According to the Reuters and University of Michigan’s consumer sentiment preliminary data shows that consumer sentiment dropped in January, unexpectedly, at 80.4. Analysts were looking for a print of 83.4, up from December’s preliminary reading of 84.5. The survey showed lowered expectations among lower- to middle-income families, with the middle-class being the core driver of the economy.

The Survey’s director, Richard Curtin, said that “upper-income households benefited from continued strong gains in income as well as increases in stock and home values.” The housing sector seen a strong pickup in 2013, prior  to tapering off by the end-of-the-year. However, some data suggested that the primary buyers were in the high-end of the market, while middle-income families were priced out of the market due to the sharp rise in prices and mortgage rates.
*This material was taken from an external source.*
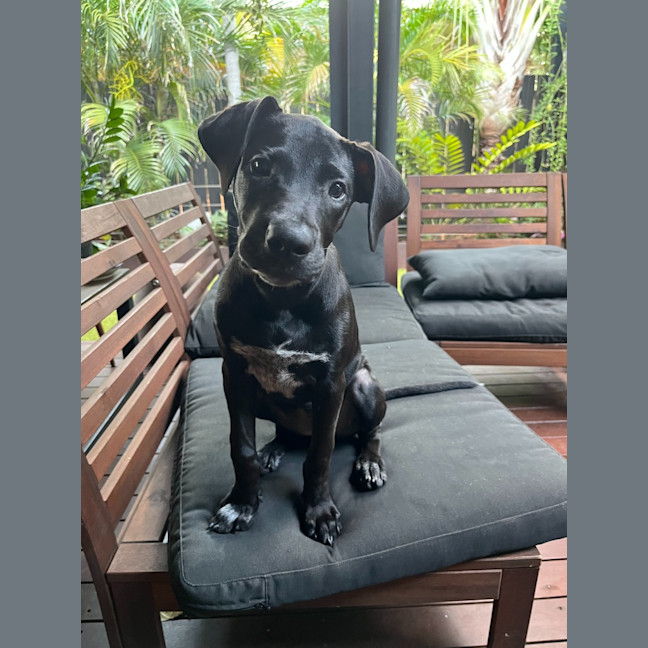 Photo of Phoebe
Curtin continued on the other fraction of the economy, “low- and middle-income households were mainly concerned about lackluster growth in employment and income, and anticipated less improvement in long-term prospects for the economy.”

Key sub-categories within the survey also fell. The barometer of the current economic climate feel from 98.6 to 95.2, and the consumer expectations fell from 72.1 to 70.9. Both were below forecasts of 98.5 and 74.2, respectively.

The survey’s expectations for inflation over one-year was flat at three percent, whereas the five-to-10-year inflation nudged up to 2.9 percent from 2.7 percent.